Rivulets (aka Nathan Amundson) is something of an Avant-Rock protégé. In 1999, Low’s Alan Sparhawk welcomed him into his Chair Kickers’ Union stable, issuing his self-titled debut that same year. Amundson has again called upon his network of friends for ‘You Are My Home’, which feature a who’s who of the American leftfield musicians alumni. Rachel’s Christian Frederickson provides some striking viola, Codeine’s Chris Brokaw produces a robust percussive performance, Jessica Bailiff weighs in with some bells and Silber Records head honcho Brian John Mitchell built the greenhouse that this album was, presumably, recorded in.
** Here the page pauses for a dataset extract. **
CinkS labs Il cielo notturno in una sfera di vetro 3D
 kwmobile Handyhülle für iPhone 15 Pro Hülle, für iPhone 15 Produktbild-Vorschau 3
‘Glass Houses’ is a tentative opener, with Amundson finding his feet while establishing a yearning, melancholic tone that will go on to serve him well throughout the whole record. His fragile as a snowflake vocal style lies somewhere between that of Neil Young and Nick Drake. It works well for him too, acting as a guide to the overall mood of the record. As with a number of singer/songwriter recordings, ‘You Are My Home’ bases its themes around longing and regret, though the title (and indeed the music, as you will come to learn) leaves lingering traces of hope and optimism.

Such sentiments prevail in several numbers, particularly the breathtaking title track, where a seductive melody is tempered by shimmering electric guitar and Amundson’s Drakian delivery, the final few minutes of this piece finds him seemingly coming to terms with his new home.

Of course, Nick Drake should be the first port of call for anyone interested in soft, orchestral driven songs, but Rivulets has a fine repertoire of wistful, melancholic compositions too. ‘You Sail On’ is both resplendently beautiful and wonderfully sad, where striking orchestration laces Amundson’s gorgeous, double-tracked refrain on the chorus. ‘Win or Lose’ is moving too, but for different reasons entirely. Its driving barre chord structure clashes and folky viola and certainly gets the head nodding and feet tapping, injecting this number with a celebratory Céilidh-like urgency, utilized by the likes of Arcade Fire and Beirut .

Penultimate number ‘Happy Ending’, meanwhile, finds Amundson in a contemplative mood. “There is no happy ending” he sings in a punky, almost bratish tone. However, the torrent of crunching guitar and pounding percussion that soon follows, suggests otherwise, as if Amundson is finally breaking through the malaise.
Ultimately, this is a formidable release from both artist and label. O Rosa, run by James Vella of Yndi Halda, has been quietly assembling an impressive roster of artists over the last year, while Rivulets’ material certainly matches that of his more illustrious peers Elliot Smith, Nick Drake and Bon Iver — occasionally, dare I say it, bettering them.